Lent 2008

A long-standing dilemma for those who are serious about marking the season of Lent is whether to give something up (booze, chocolate, church meetings or whatever) or take something extra on (commitment to a cause serving other people, or justice and peace, or the environment, or making time for concerts and exhibitions, or additional church activities). Or maybe a bit of both?

The traditional disciplines of fasting and self-denial are unfashionable, but remain important – and are well-understood by our Muslim neighbours, to whom we need to bear a convincing witness. We do these things, not for their own sake, still less to demonstrate our piety (do them in secret, says Jesus), but in order to simplify cluttered lives and focus on essentials, as laid out in the gospels. (Which is a good reason not to have unnecessary church meetings.) Lent needs its own feel – sombre and serious – but should not be joyless!

Some of you already picked up one or more extra commitments at the ‘action stations’ tables in our service for the Week of Prayer for Christian Unity, and Lent is a good time to work on them.

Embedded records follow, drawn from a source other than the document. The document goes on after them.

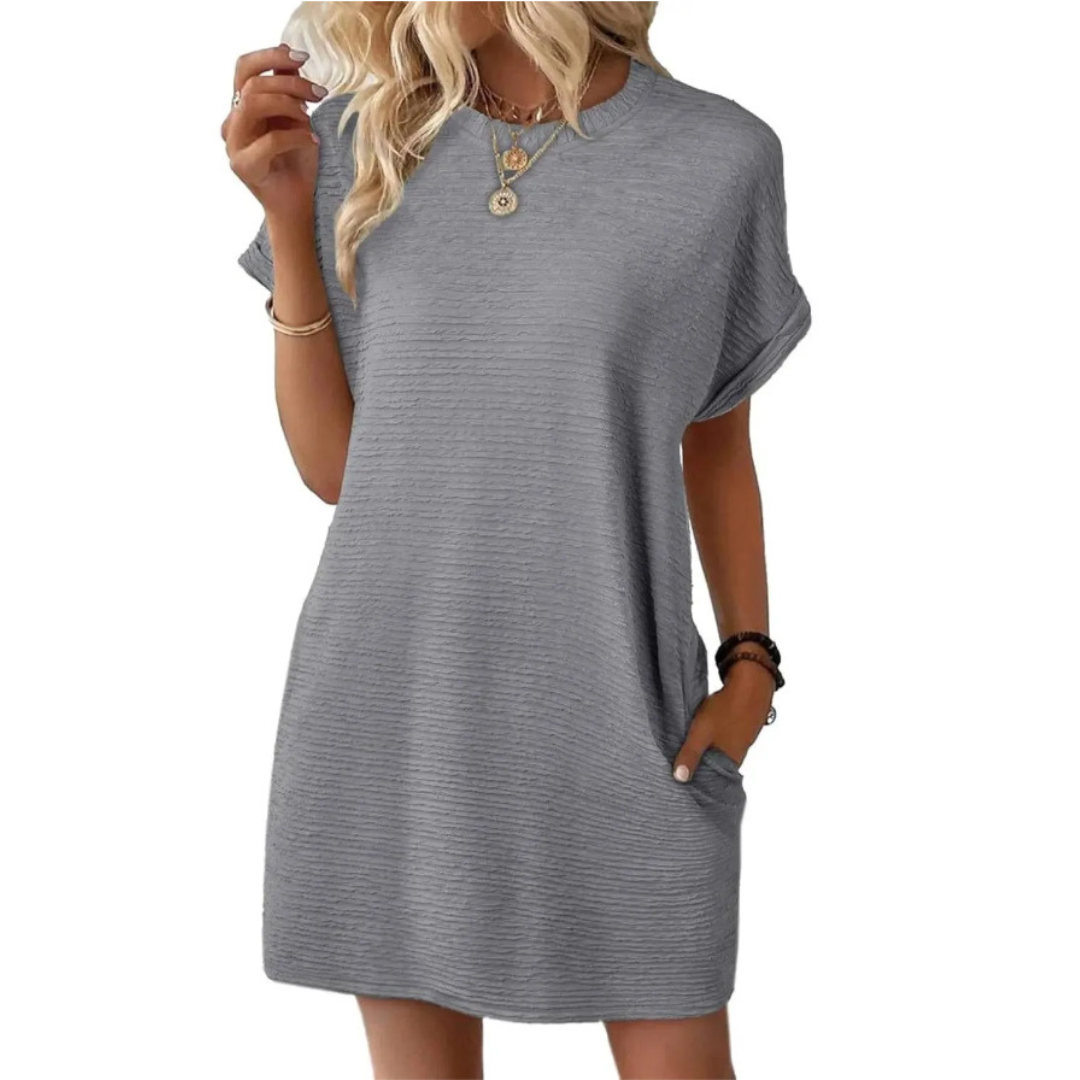 EVASHA™ | Vestido Casual Minimalista de Verano con Cuello Redondo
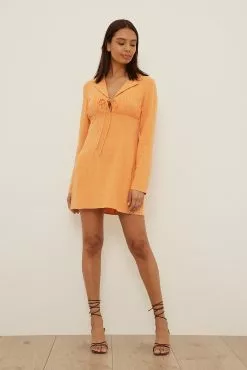 NA-KD Straps Front Linen Mini Dress -Party Dresses Sales nakd straps front linen mini dress 1018 009177 0261 3012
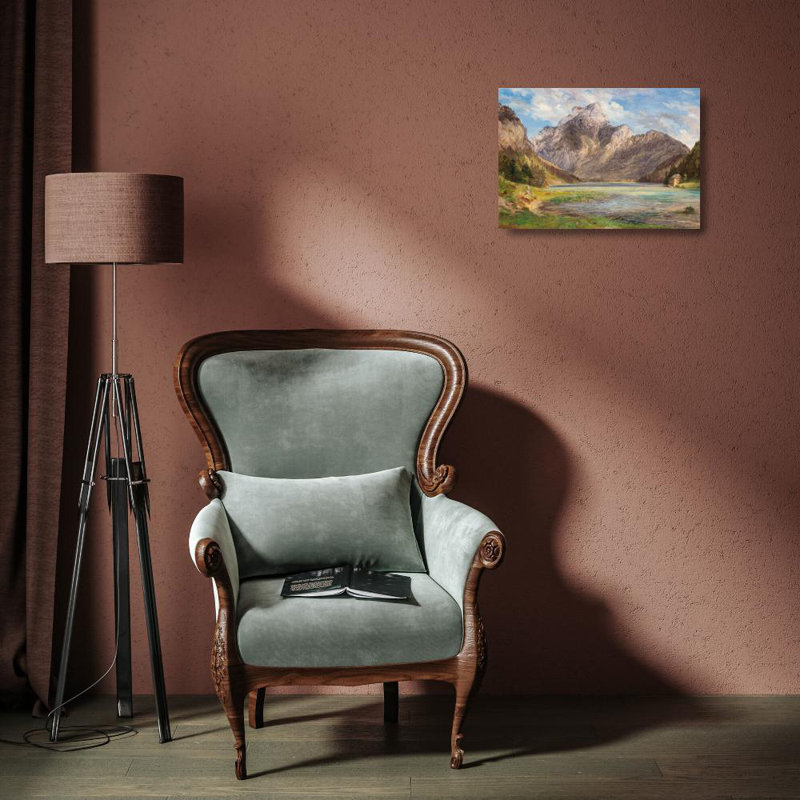 «Mountain Lake» par Frederic Loos, art sur toile tendue avec châssis, H 18 po x l 14 po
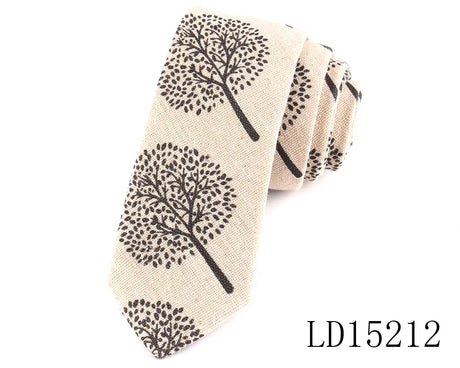 New Designer Print Ties Casual Narrow Necktie Ties for Men Hip-hop Party Floral Cotton Skinny Tie Cravat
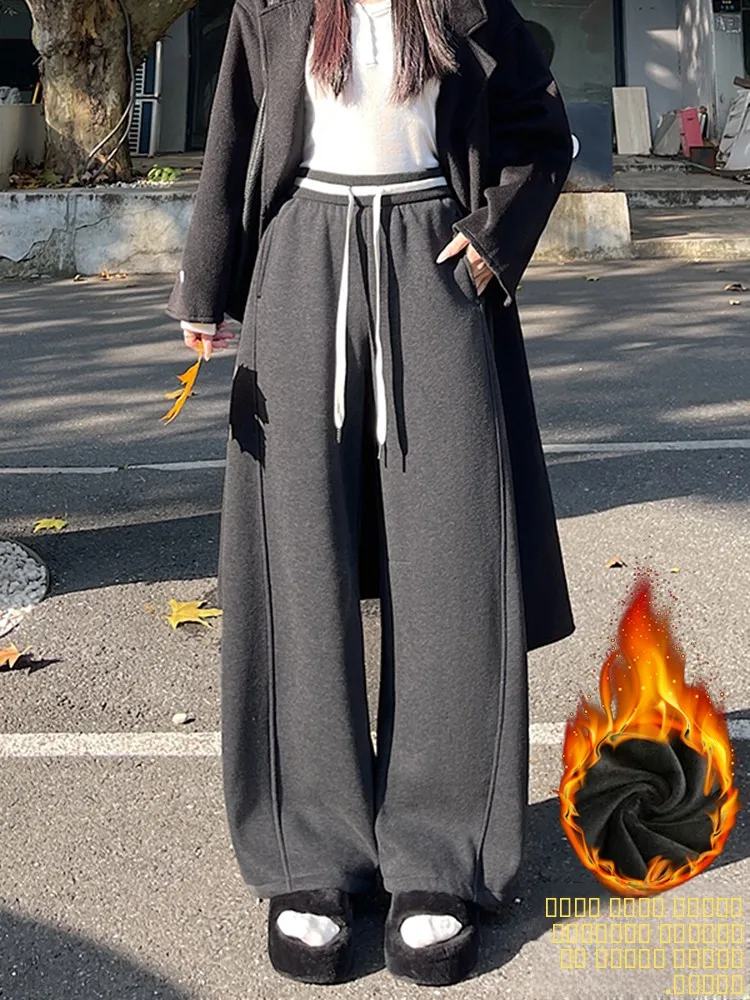 

Женские утепленные брюки с широкими штанинами, высокой талией и шнурком, теплые зимние повседневные свободные брюки, маленький размер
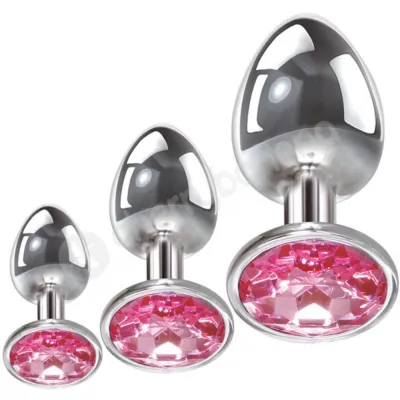 Adam Eve Pink Gem Metal Anal Plug 3 Piece Set
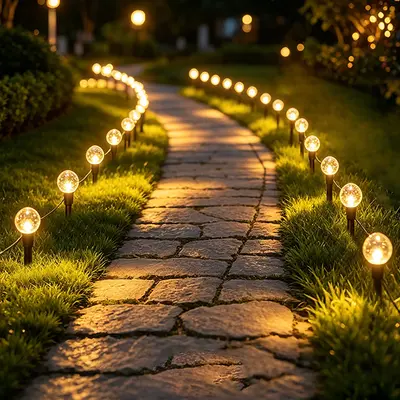 Solar Lawn Light String, Petal Lights with Built-in Battery, LED
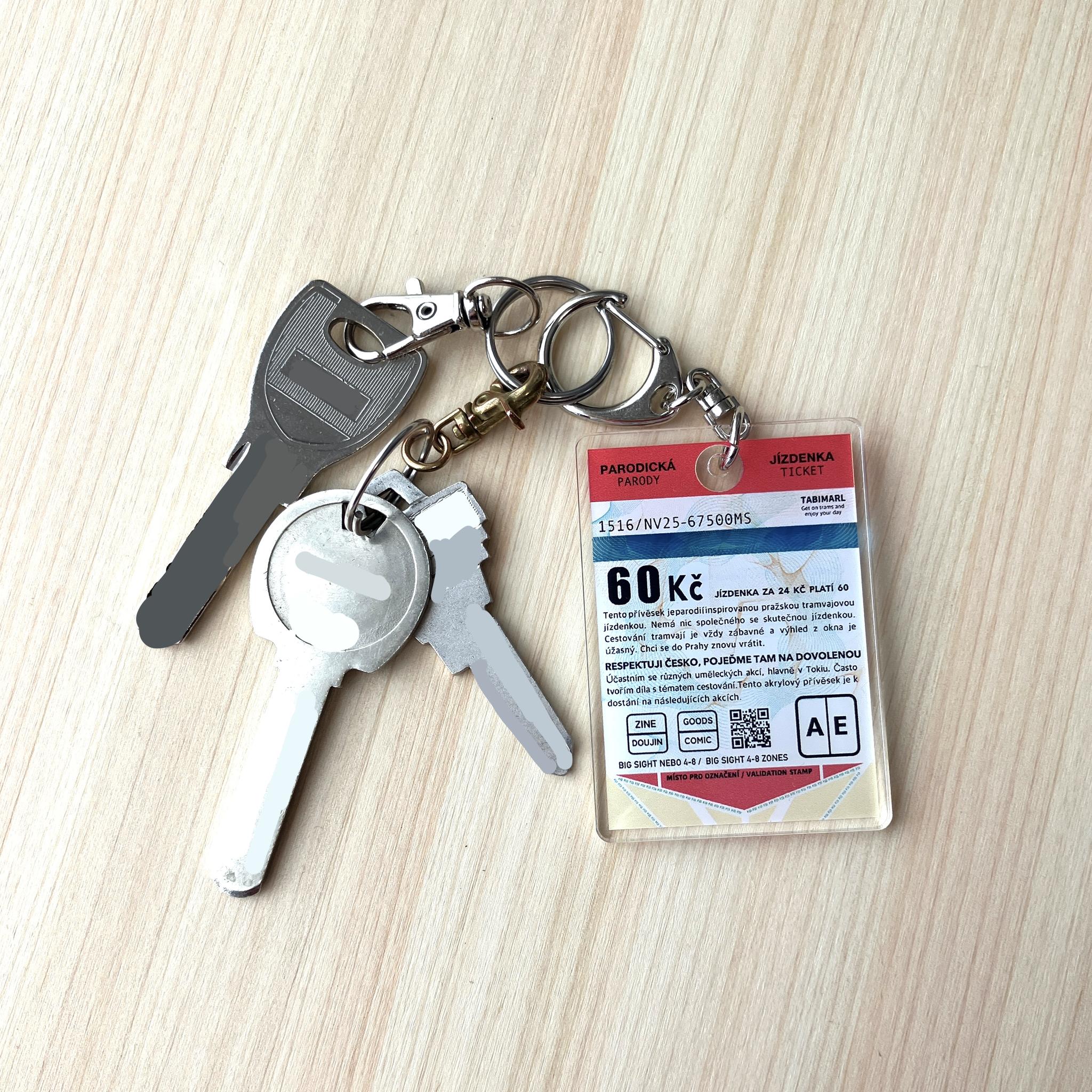 チェコのトラムチケットキーホルダー　赤 | 3枚目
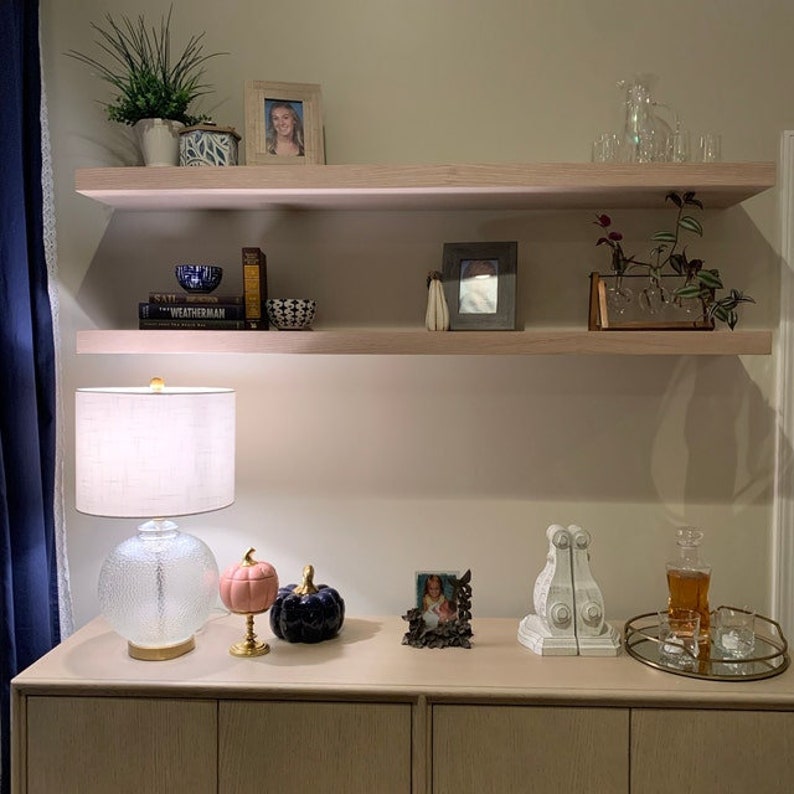 Rift White Oak Floating Shelves Custom Home Decor Handmade Etsy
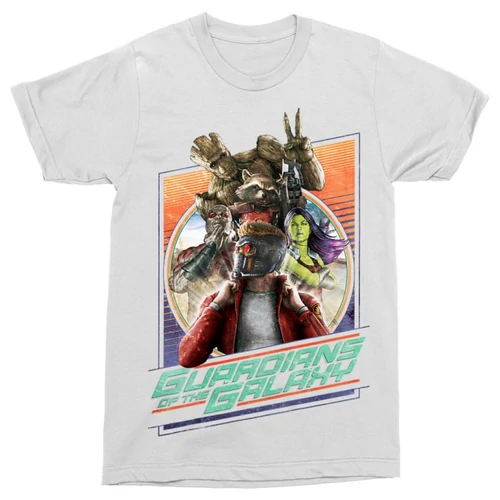 Fehér A galaxis őrzői férfi rövid ujjú póló - Guardians Team Retro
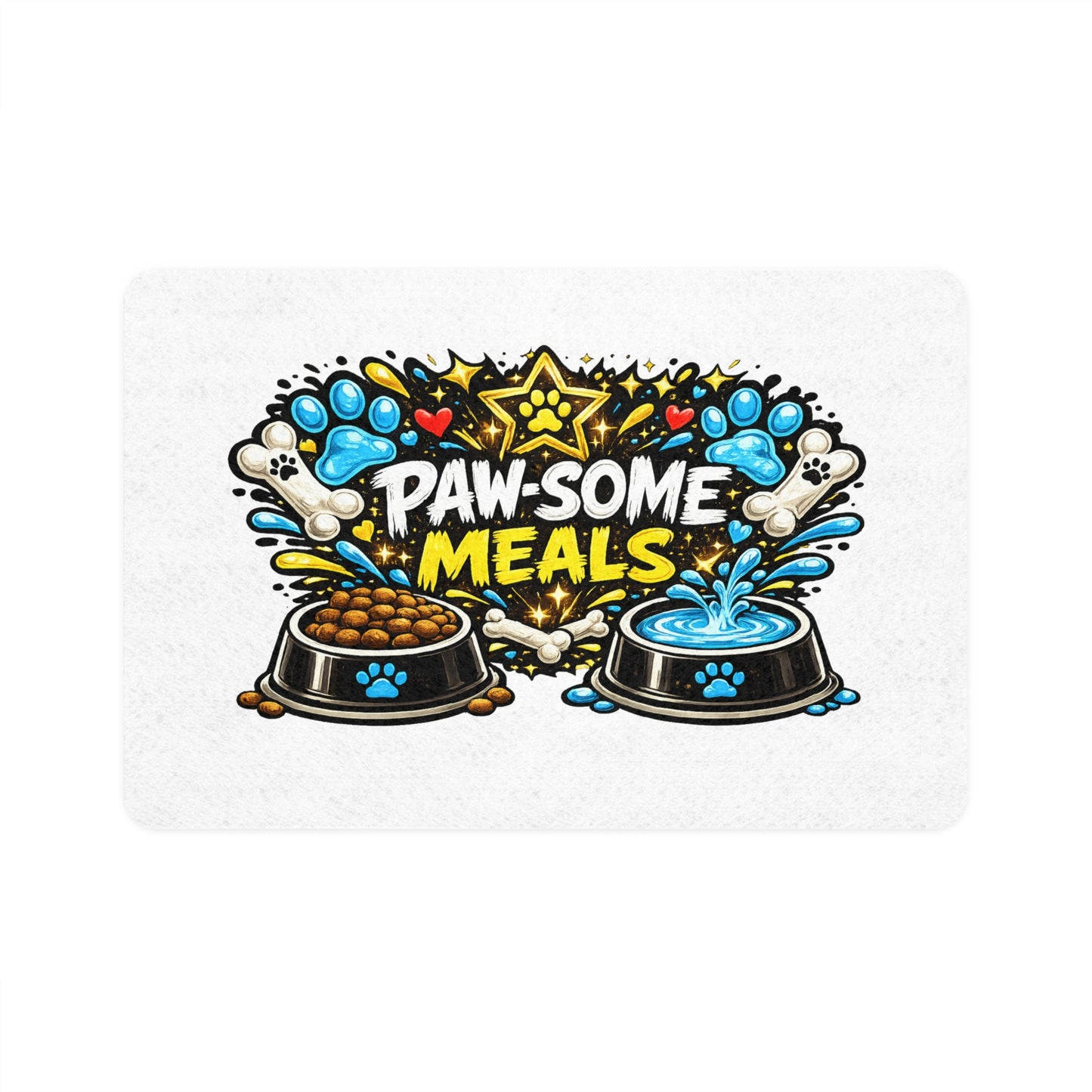 Pet Food Mat — "Pawsome Meals" Non-Slip Feeding Mat (12x18)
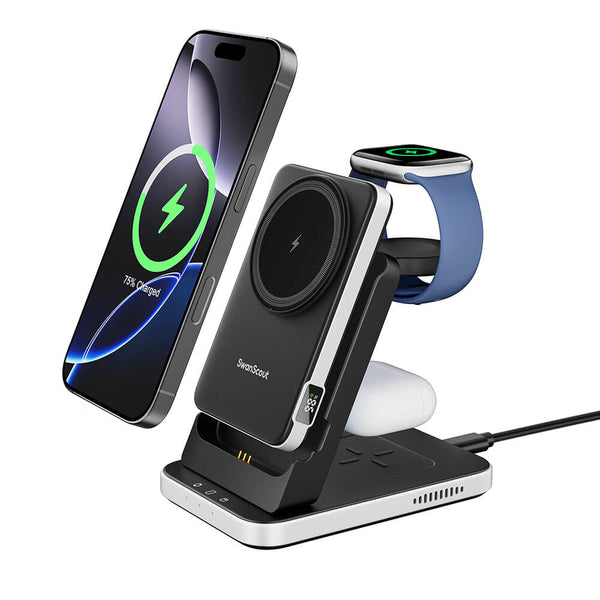 SwanScout 304M is a sleek iPhone charging station that simplifies power management for daily Apple device users.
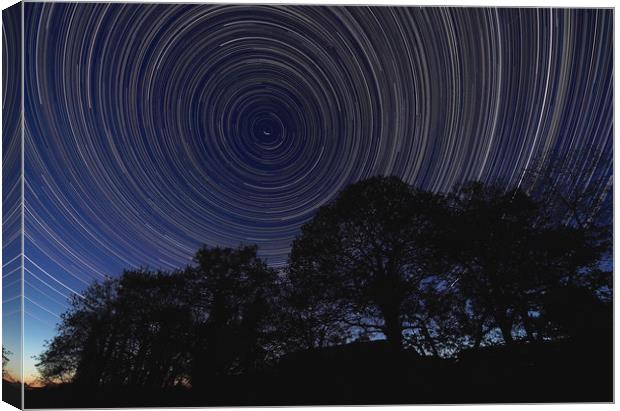 Startrail with trees Canvas Print by mark humpage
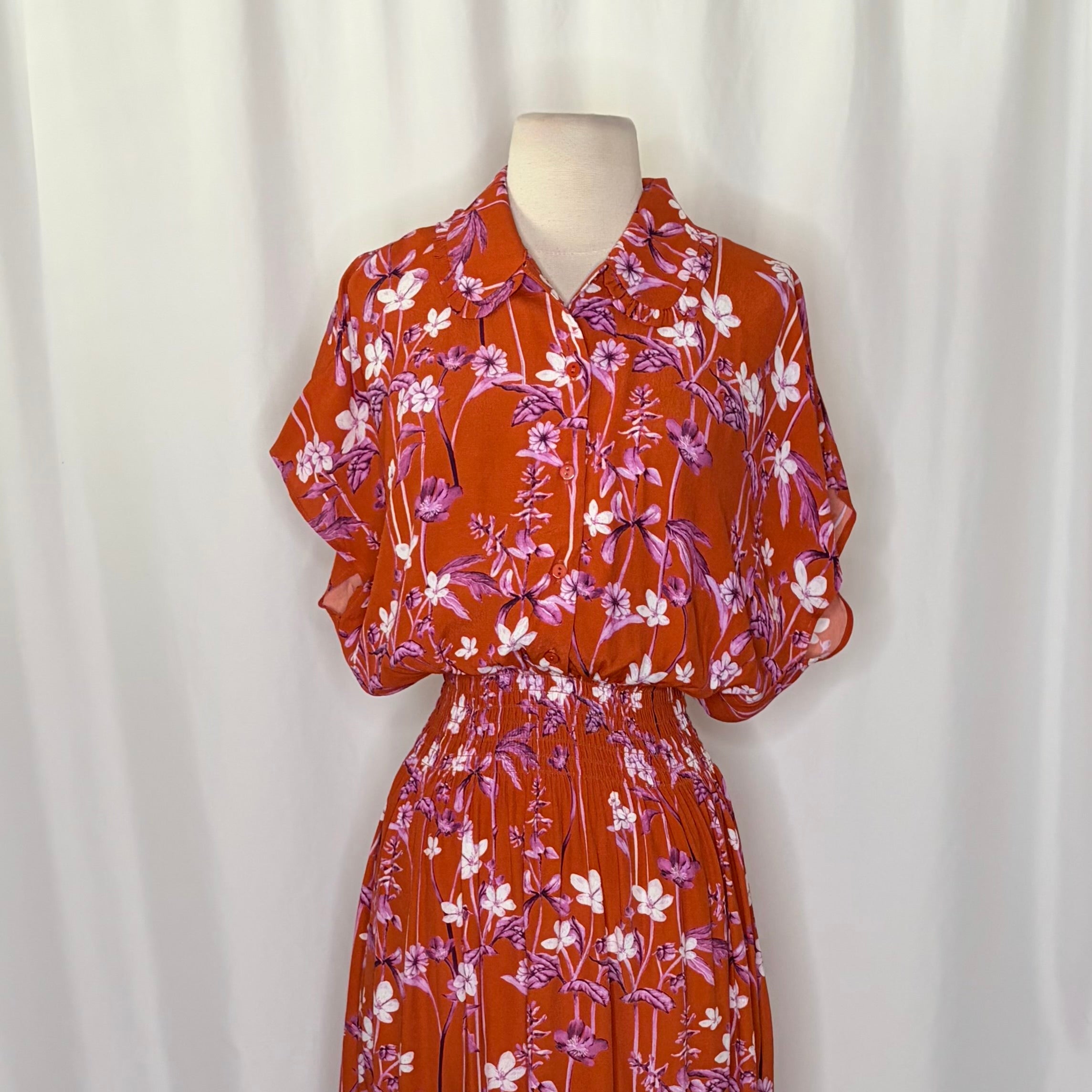 Anthropologie COREY LYNN CALTER Clementine Floral Midi Dress Smocked X-Small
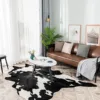 New White Black Cow Faux Zebra Skin Cowhide Carpet Big Size Brown  Imitation Leather Natural Stripe Cowskin Mat 5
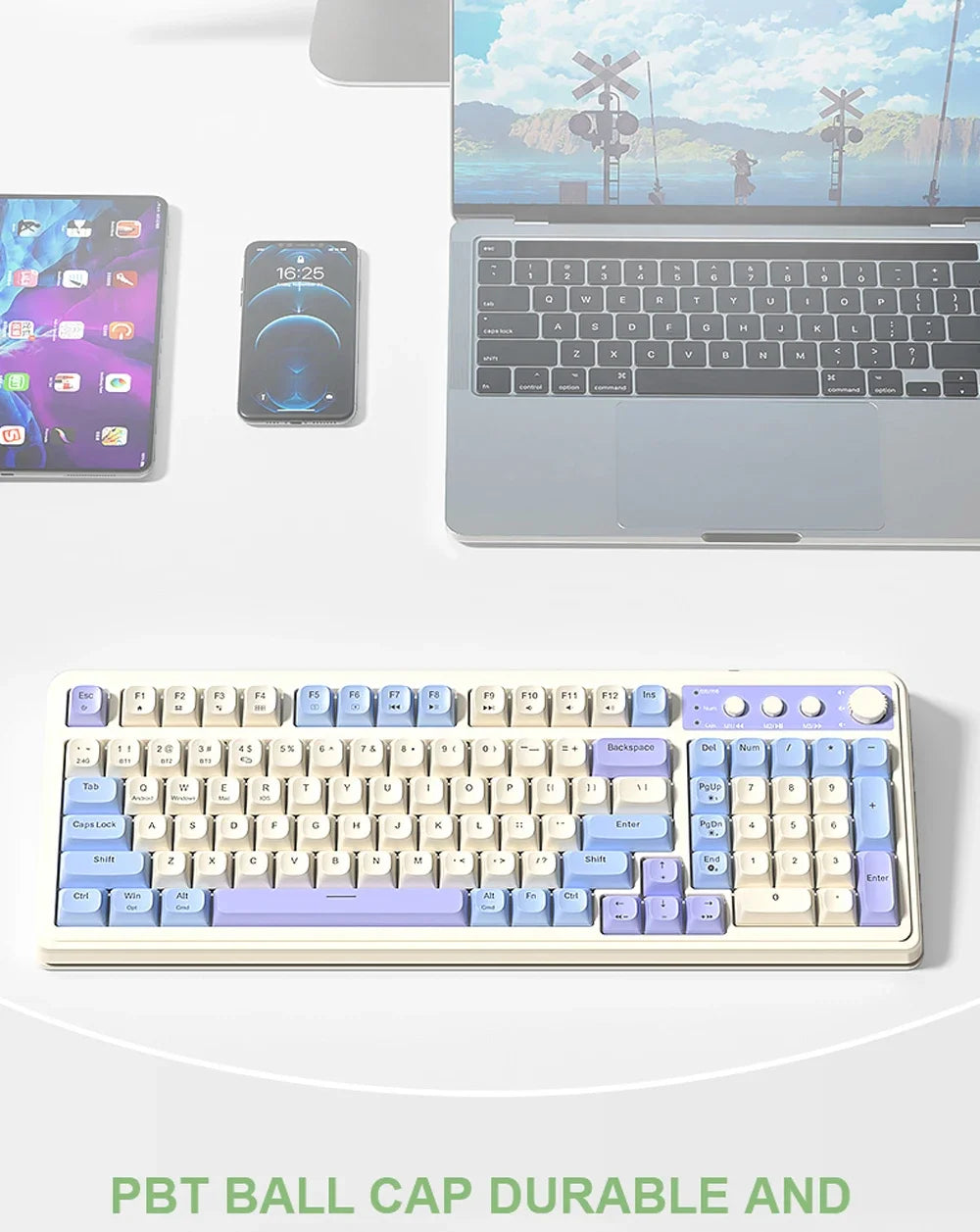 AULA S99 Spider Keyboard Membrane Keyboard Wireless Bluetooth Wired Three Mode RGB Gamer Keyboards Office Typing Mute 99 Keys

And making it a priority to attend not only the Sunday service, but a midweek one too, with opportunity for fellowship and discussion, is particularly appropriate too.

So what we propose at St George’s is a Lenten – and very Anglican! – balance between ‘less’ and ‘more’. To start the process, and set the tone, we have a pancake party on Shrove Tuesday, at 7pm in the Rectory. (We can’t use the crypt because it is NTMTC night – but have future plans for events there!) Pancakes will be provided, but please bring food to share. Children are especially welcome, and you can come and go as you wish. On Ash Wednesday, St Paul’s School will come into church at 9.30am (for which we need last year’s palm crosses for burning – please bring them to church the previous Sunday), and the eucharist will be celebrated at 1pm and 7.30pm, with the imposition of ashes at both services.

On subsequent Wednesdays, the 1pm service will be followed by a simple lunch of bread and soup (bring your own sandwiches and/or fruit), with discussion, for those who can stay. And there will be an additional event each Thursday from 7.30-9pm, in the panelled room, beginning with a short eucharist and leading into a study session. Rather than use one of the published Lent courses we have opted to produce our own sessions, reflecting the issues and concerns of our congregation: a mix of biblical, liturgical and ethical themes.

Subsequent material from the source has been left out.